Liquidity risk

Risk appetite

FMO’s risk appetite is to maintain sufficient liquidity to fulfil FMO’s obligation. The appetite follows a similar rationale as for capital and in particular it is important to maintain sufficient liquidity in order not to utilize the guarantee from the Dutch State.

FMO’s has articulated risk appetite levels for the following risk metrics:

  • Survival period

  • Liquidity Coverage Ratio (LCR)

  • Net Stable Funding Ratio (NSFR)

  • Failed funding period

  • Cost of wholesale funding above peers

Additional specific thresholds are in place for managing and monitoring the risk profile.
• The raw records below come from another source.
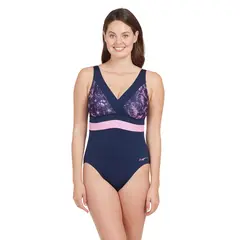 Sunset Bloom Square Back Badedrakt EU34 Zoggs | Bl&#229;/ Flerfarget | Ecolast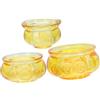 Mikikit Ornamento Cornucopia Cristallo per Offerte del Tempio, Decorazione da Tavolo in Vetro Resistente 3 Pezzi (5-7 Cm), Ciotola Sacrificale D'oro per Uso Religioso e Ufficio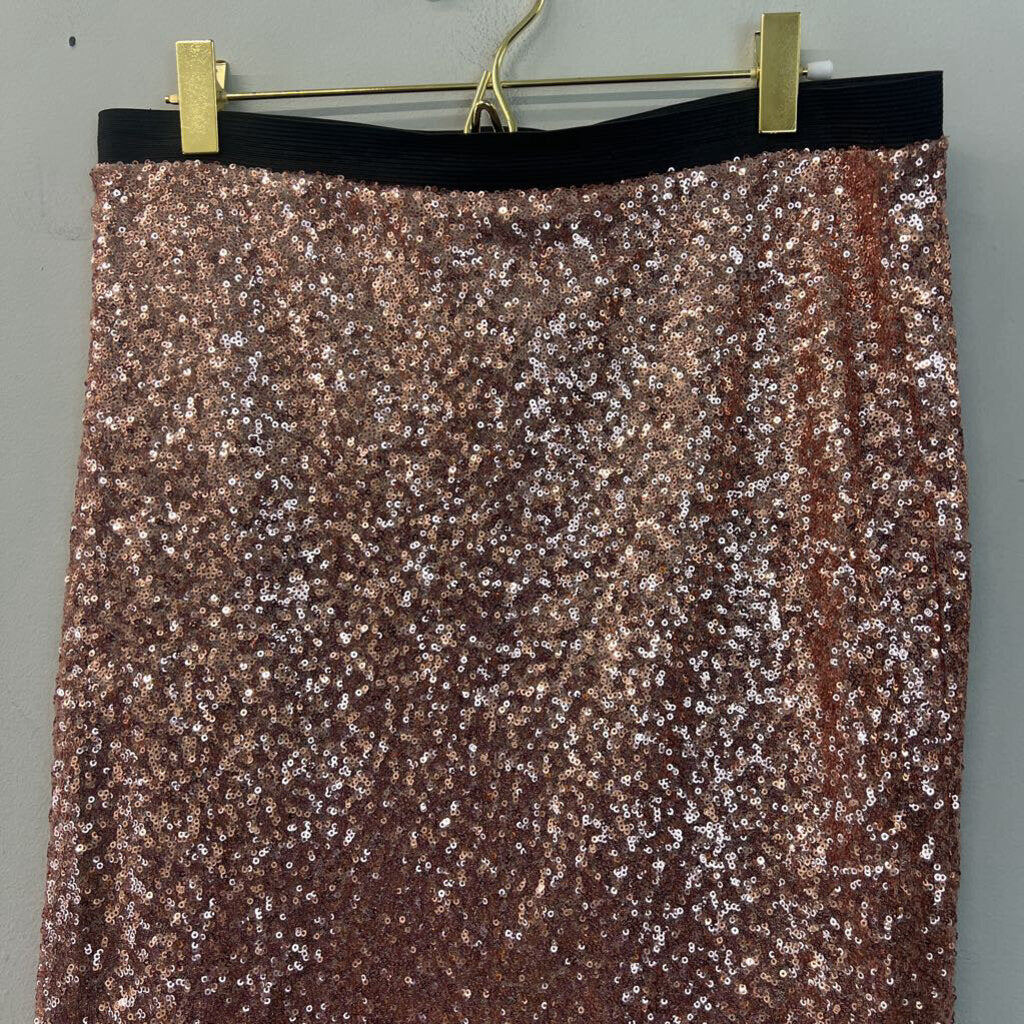 The Limited Rose Gold Sequin Skirt Medium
These monitoring metrics are delegated to Director Risk Management & Compliance and Director Treasury and subject to the sign-off procedure.

Risk governance

FMO traditionally has a conservative liquidity policy and funding strategy that is well suited to its business. Stress tests are conducted on FMO’s liquidity position at least once a month to ensure this conservative position is maintained. The Liquidity Contingency Plan sets out FMO’s strategy for addressing liquidity needs in the case of a crisis, ensuring that there are various sources of emergency liquidity available to meet all current and future financial obligations at all times, whilst at the same time avoiding excessive funding costs that could harm its business franchise. The liquidity sources include a long-term bond portfolio and a portfolio of short-term instruments such as Money Market Funds, Commercial Paper and Treasury Bills. The long-term bonds can be used as collateral to obtain cash from the Dutch central bank or commercial parties.

Liquidity position

The liquidity ambition can be impacted by a higher than anticipated need for liquidity or a lower than expected ability to obtain liquidity. Large differences in the need for liquidity can be caused by higher than expected disbursements of available facilities and guarantees (risk is capped to the total amount of available undrawn facilities and guarantees) and by collateral requirements on the derivatives portfolio (uncapped). Risks with a high impact on the access to liquidity primarily stem from access to financial markets, the ability to liquidate the treasury portfolio at a sufficient price, and credit risk in the loan portfolio. Severe scenarios for all these risks are included in the liquidity stress tests to determine the required buffer.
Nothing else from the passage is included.